• Work task:
Exact copy, pictures excluded: the lines from the one containing "Hibbertia montana" to the end of the listing.

• Entries supplied:
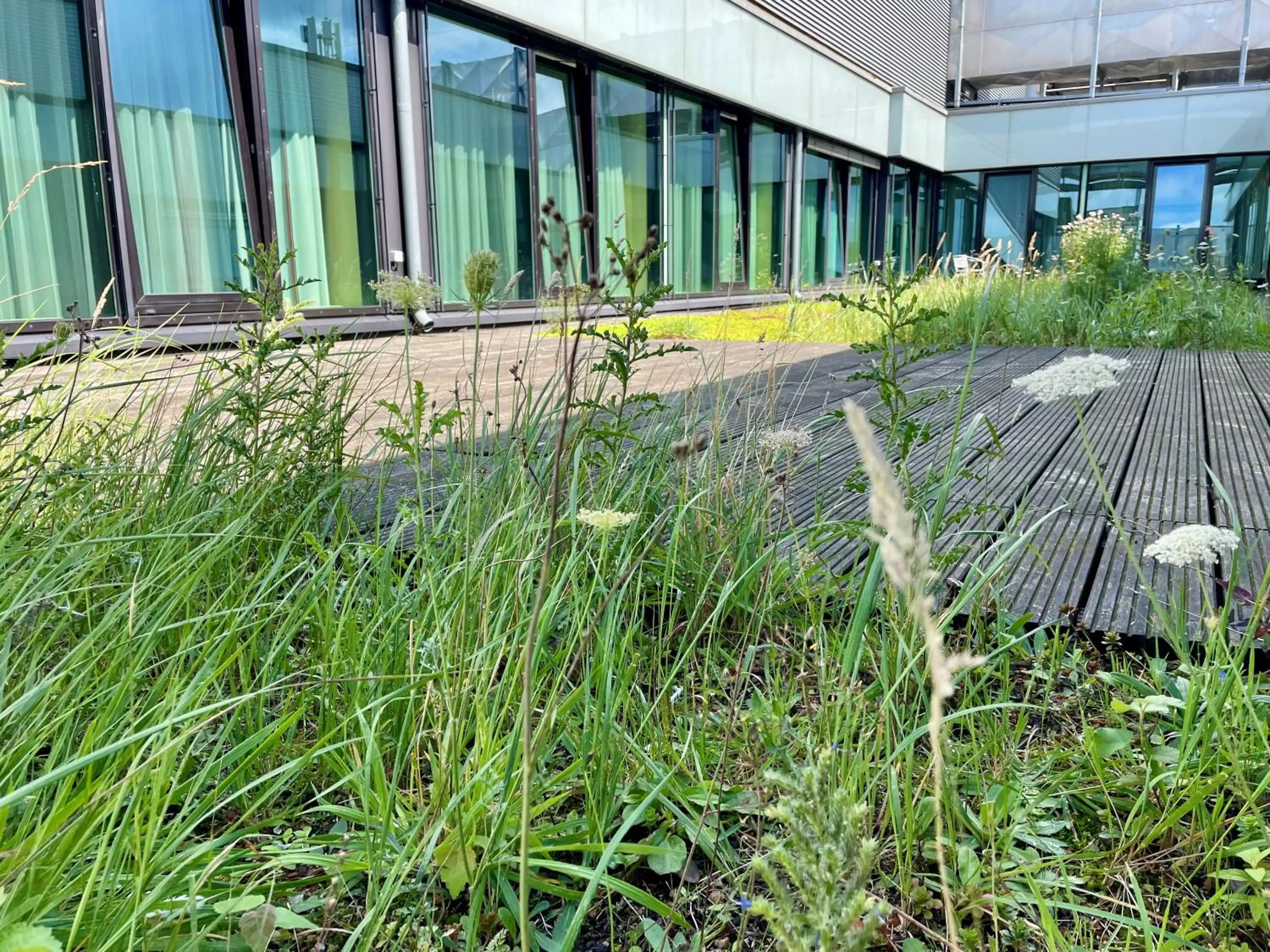 Garden view in Aspire AcarA Oldenburg, Trademark Collection by Wyndham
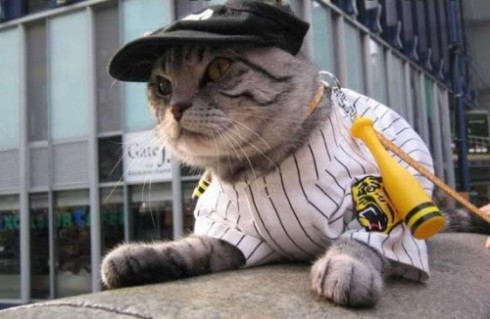 Baseball-cat-costume-500x326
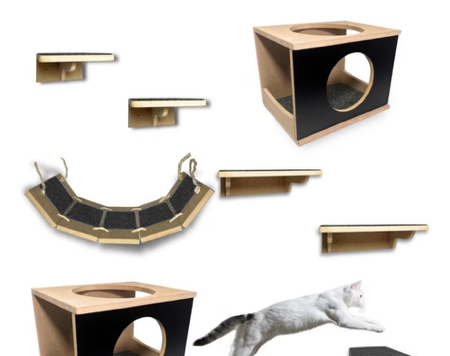 Playground Gatos thumbnail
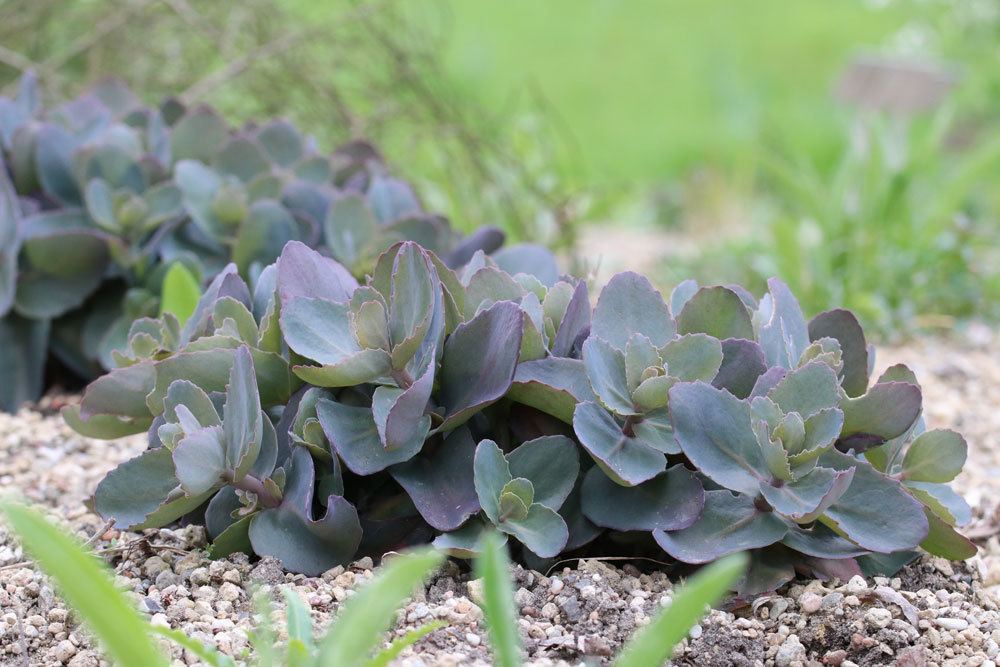 Sedum telephium Xenox, Hohe Fetthenne, Garten-Fettblatt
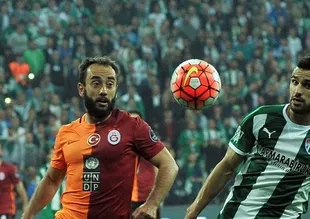 Aslan Bursa'da kayıp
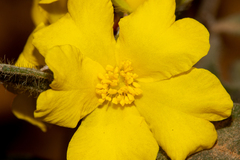 Hibbertia montana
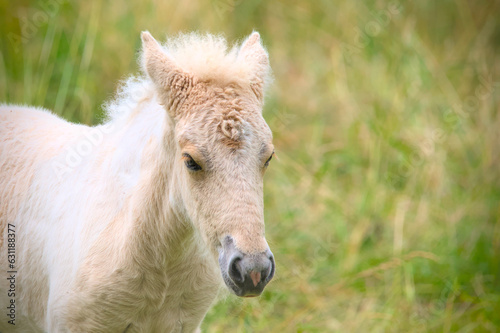 A very cute and awesome bright, white icelandic horse foal in the meadow 
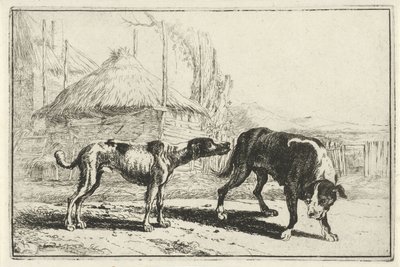 Reu en teef - Jan van den Hecke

• Reply to the exercise:
 Hibbertia montana
 A very cute and awesome bright, white icelandic horse foal in the meadow 
 Reu en teef - Jan van den Hecke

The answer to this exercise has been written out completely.